During my dancing days, I taught students how to work from their "center". Imagine a dancer stopping in high relevé. Then imagine the dancer in that very controlled pose while allowing her arms to swing about through the air, with the head following and the body not far behind. There is freedom in the movement but the freedom comes from being able to control oneself, staying on center. I always loved the feeling in my body of the push and pull dynamic of dance and while I am not any longer dancing, I still feel the push and pull of life going on around me.

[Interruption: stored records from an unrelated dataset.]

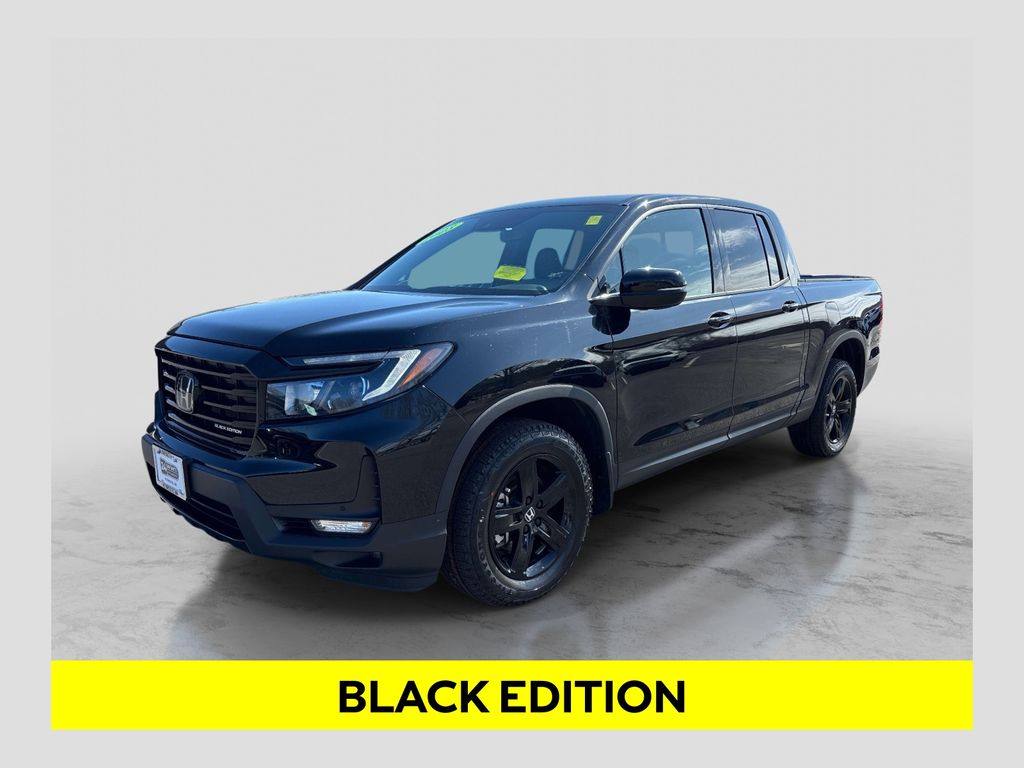 2023 Honda Ridgeline Black Edition AWD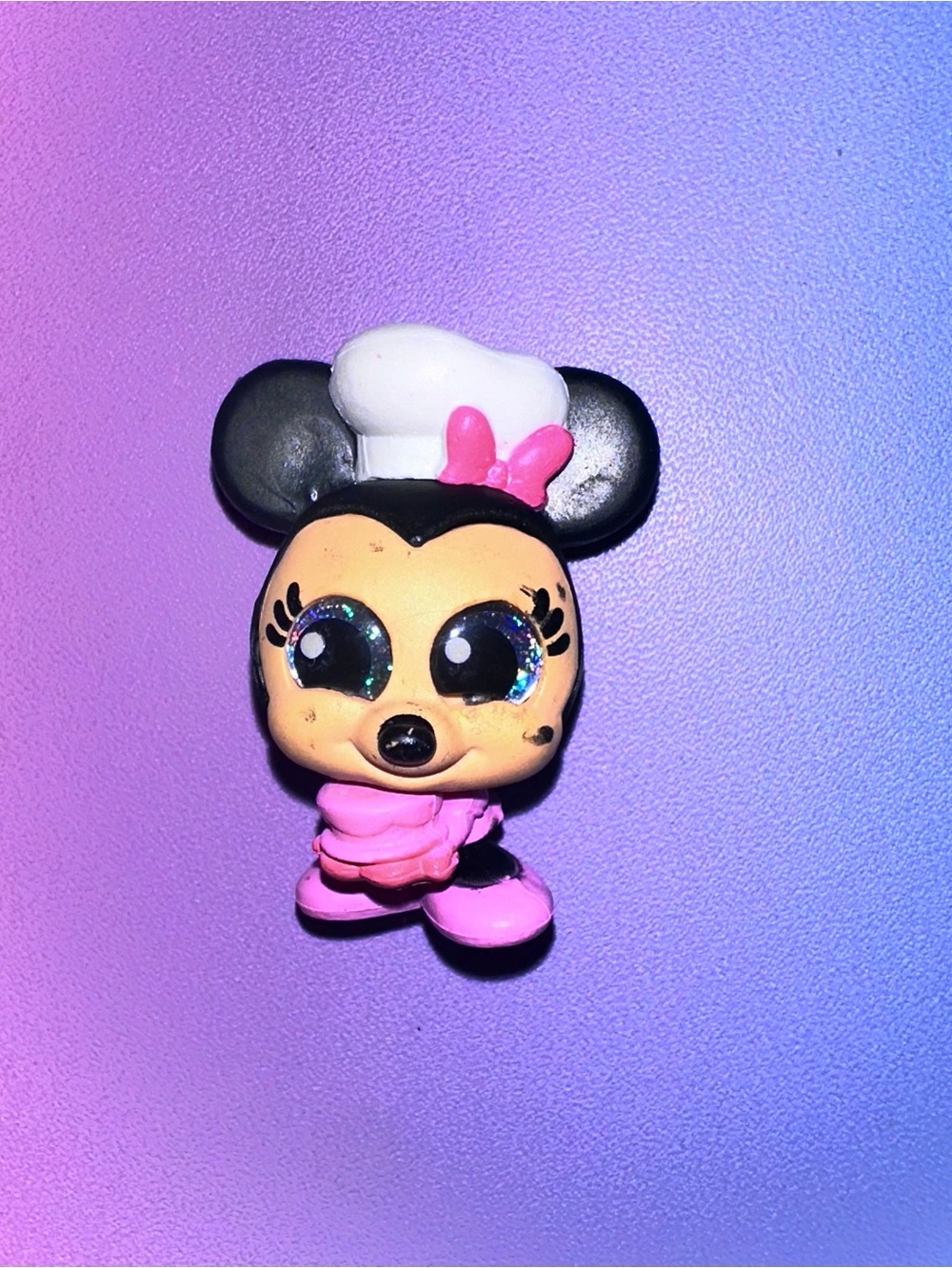 minnie mouse (mickey & friends) ~ special edition — disney doorables: series 8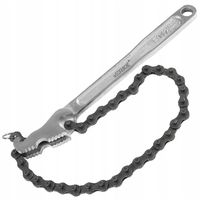 VERKE V86217 KLUCZ ŁAŃCUCHOWY DO FILTRA OLEJU 50cm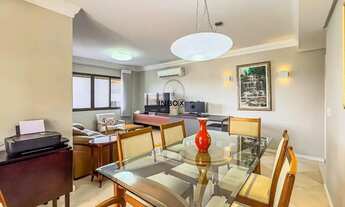 Imagem 7: Apartamento com 143m², 3 Dormitórios e 2 Vagas em Localização Privilegiada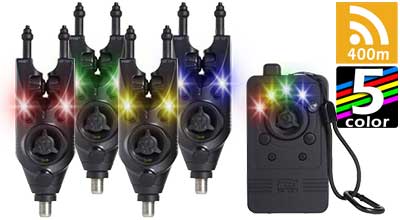 Coffret Nash Centrale 4 Détecteurs Siren R3+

Now I am using my creativity to make jewelry. I am still presenting myself as I did in dance but only in a different form. I make the jewelry but the jewelry now performs for me. When it is on display as it has been this week, I am hearing people talk about it as though it is something unique and special. Something created outside the box. This makes me happy and I feel that what I am doing is good . Yet when I hear the words from Vogue and Glamour magazines, stylists for Hally Berry, Hilary Swank, Cate Blanchett, Cher, seasoned costume designers, buyers and young interns helping at this event, I listen, but I listen more to that part of me--my center as it were, that strives to keep me on balance. The biggest gift that their words give me is the gift of seeing myself through their eyes. They don't know me at all except for the expression that my jewelry allows them to see, and yet they offer me the chance to glance at myself from their distance.
There is so much emotion involved in creating anything. People explain their projects, visions, accomplishments and desires to me not knowing what my history is. I smile knowingly as the 2 time Emmy award winning costume designer explains to me how she feels her way through to developing a concept for a singer, dancer or actor. She explains it to me as though I don't know that world. Maybe I don't on her level and yet I do. I keep that to myself. There is no way that I could make the jewelry I make without knowing how to set a stage or choreograph a dance, how to interpret a character or how to feel the spirit of another human being. My jewelry sets its own stage. That is why I make statement pieces--the thrill of the "performance". I see so many things and feel so many things and I hope that my jewelry carries those emotions through to the wearer. If I do have this opportunity to design jewelry for "Dangerous Beauty", it will be the most amazing way for me to have "danced" on a stage of this size. And to design for a Venetian courtesan, well that would fulfill my fantasy of living that life each time I sit in the Palais Royal in Paris and imagine how that would have been. My jewelry is made for the courtesan in all of us and I know that. Somehow I know that and I don't know why. This is one why that isn't important. I am just happy that I know. Knowing is believing and that leads to believing in myself. That's the deal. I believe in myself and I hope my jewelry speaks that for me.